Im Frühjahr tauchten erste Gerüchte auf, daß das „gute Stück“ im laufenden Jahr abgerissen werden soll. Wenig später inspizierte ich die Vier Fäuste und machte mir ein erstes Bild von der Kletterei. Im engeren Freundeskreis war binnen kurzem Einigkeit erzielt: den Spaß wäre es wert. Warum sollten wir nicht versuchen, die Biwak Redaktion für unser Vorhaben zu begeistern? Der Kontakt ist schnell hergestellt, die Idee fällt auf fruchtbaren Boden. Von Seiten des Fernsehens wird auf eine Begehung des Alten Wegs wenig Wert gelegt. Man ist ausschließlich an der Bohrhakenroute interessiert. Schade, die Massenerstürmung wäre ein schöner Gag gewesen. Aber wer soll die Bohrhakenroute vorsteigen? Von uns bringt das wahrscheinlich keiner. Endlich habe ich die rettende Idee. Ich könnte Gerald Krug, den Autoren des Hallenser Kletterführers, bitten uns zu helfen. Seine Zusage kommt schneller als erwartet.

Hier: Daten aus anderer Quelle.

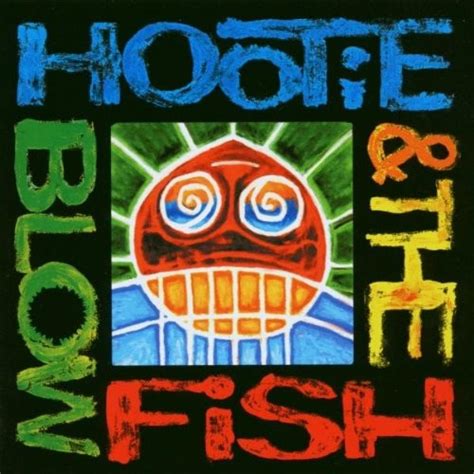 Hootie & The Blowfish (studio album) by Hootie & The Blowfish : Best Ever Albums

Er wird sich auch darum kümmern, daß Gipfelbuch und Kassette pünktlich zur Stelle sind. Denn diese wurden bereits im Februar vom „Gipfel“ geborgen. In Gedanken verdonnere ich Wolle und Brühpo bereits zu potentiellen und potenten Nachsteigern, behalte diese Idee aber vorläufig für mich.

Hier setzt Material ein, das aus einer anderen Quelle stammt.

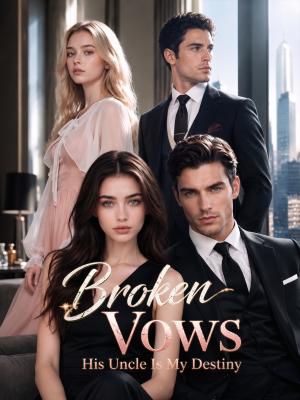 Broken Vows, His Uncle Is My Destiny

Nach Einholung sämtlicher erforderlicher Genehmigungen beim Regierungspräsidium von Sachsen-Anhalt, bei der Stadt Halle und beim Denkmalschutzamt (welch Irrsinn) steht nach längerer Zeit der Drehtermin fest. Doch erstens kommt es anders und zweitens als man denkt. In der Mitteldeutschen Zeitung vom 12.07. wird berichtet, daß bereits am Donnerstag (17.07.03) mit dem Abriß des Denkmals begonnen werden könne, da dieses bis zum Ende des laufenden Monats verschwunden sein müsse. In aller Eile wird umdisponiert.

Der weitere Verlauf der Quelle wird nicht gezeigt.